After a few days Su & I had a difference of opinion over the next move. I desperately want to keep moving and exploring as there is still so much I want to see and do here and was planning to move onto the Perhentian Islands, further up the East Coast, famous for their stunning beaches and snorkelling. Whereas Su is getting tired of moving on every few days as it takes her longer to adjust to a place and she finds the process of moving and finding transport and accommodation mentally tiring, plus she read lots of reports about the rustic accommodation close to the jungle on the Perhentians and was worried about the stories of various unwanted wildlife finding its way into rooms! In the end the decision was made for us as we are in the middle of a 2-week school holiday and the buses and better accommodation were all booked, so we stayed here. And you know what, I've loved every second! We've got to know the place, where to find the best food, what sort of birds are around, the spot on the beach where the sun remains for the longest in the evening. And of course the locals, Jun & Trish, the Indonesian-Scottish owners of our guest house and their adorable daughter Yasmin are often around for a chat, we've met Sheela a few times, been to dinner with her and to her house for tea which Su bravely walked through long grass to reach, and of course we've met other travellers. And the whole village seems to know that Su doesn't like snakes, which they all seem to find amusing! The only annoyance has been the mosquitoes - we've run out of deet and can only buy natural stuff here which doesn't work for 10 minutes let alone the advertised 10 hours and we're covered in bites - irritating enough but when the mosquitoes carry malaria and dengue fever it's not funny and much as I hate using chemicals on my skin I'm desperate to get more deet.
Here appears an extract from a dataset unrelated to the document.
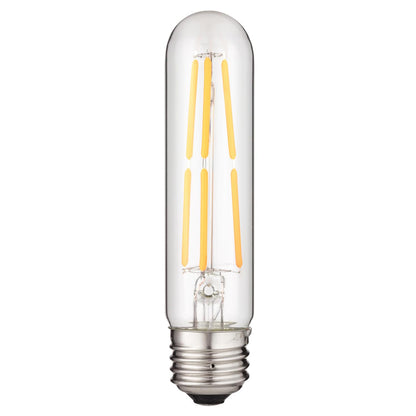 Sunlite 80611-SU LED Filament T10 Tubular Light Bulb Vintage Edison Style, 6 Watts (60w Equivalent), 600 Lumens, Dimmable, 27K - Warm White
But anyway, I've rambled on for far longer than I intended. Tomorrow it's time to leave - we're moving up to Kota Bharu where we'll stop for a couple of nights to check out the excellent market and then we'll cross the border back into Thailand and head to the islands!
Be in touch soon, with love, Jo & Su, xxx
nb - had a further problem with the computers last night as the website refused to load once I'd typed all of this into to Word and then the power disappeared for the rest of the day. So tomorrow is now today if you see what I mean & we're actually in Kota Bharu!